**Requirement**
Could you copy exactly the lines below, beginning at the line with "Such an amazing" and stopping after the line with "#titosvodka #tulsatough #djevents", with no pictures?

**Information shown**
>>>>

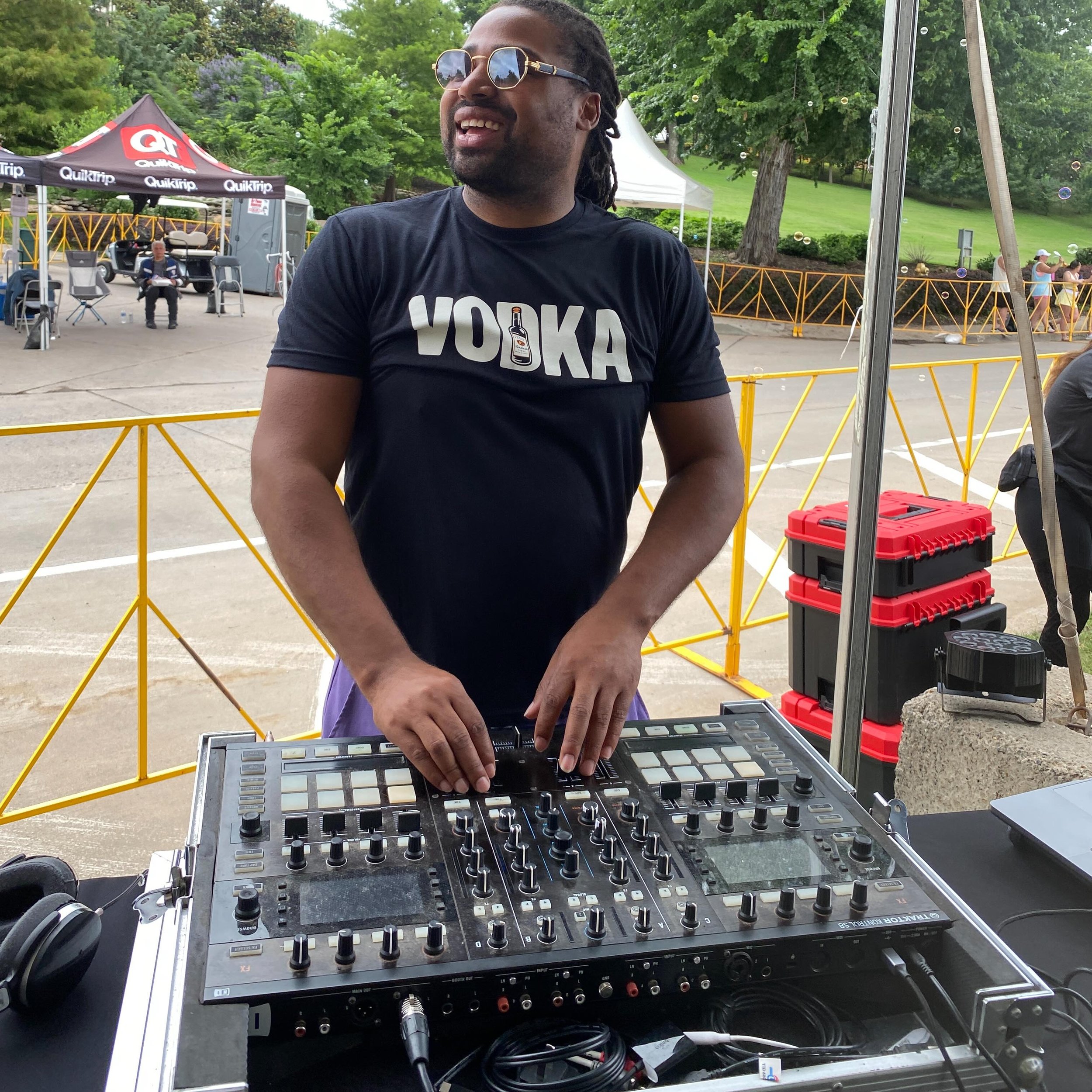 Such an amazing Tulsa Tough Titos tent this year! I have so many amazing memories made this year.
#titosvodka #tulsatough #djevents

<<<<
>>>>

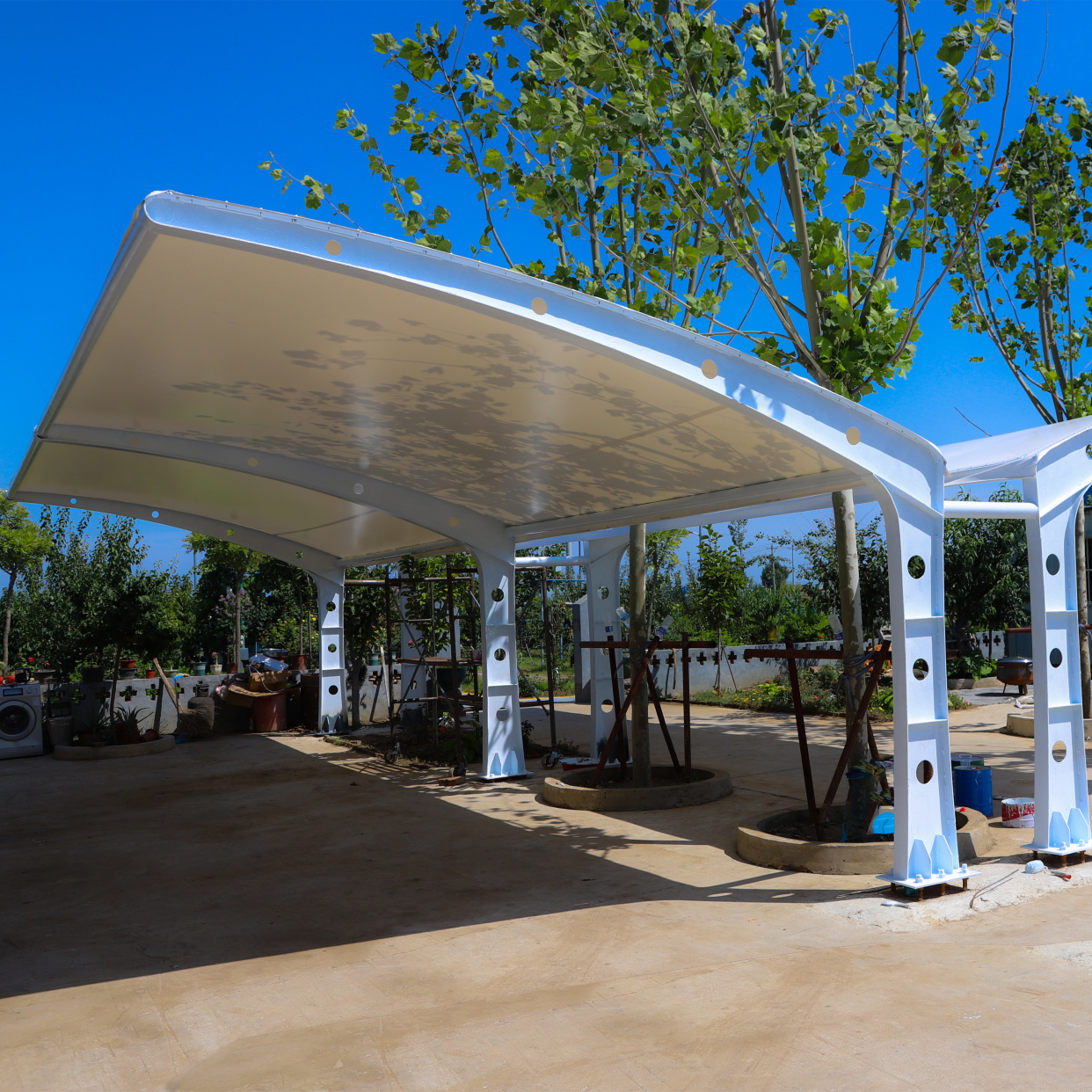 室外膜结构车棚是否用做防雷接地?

<<<<
>>>>

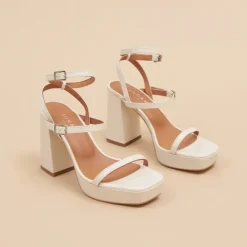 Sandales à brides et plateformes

<<<<

**Reply to the task**
 Such an amazing Tulsa Tough Titos tent this year! I have so many amazing memories made this year.
#titosvodka #tulsatough #djevents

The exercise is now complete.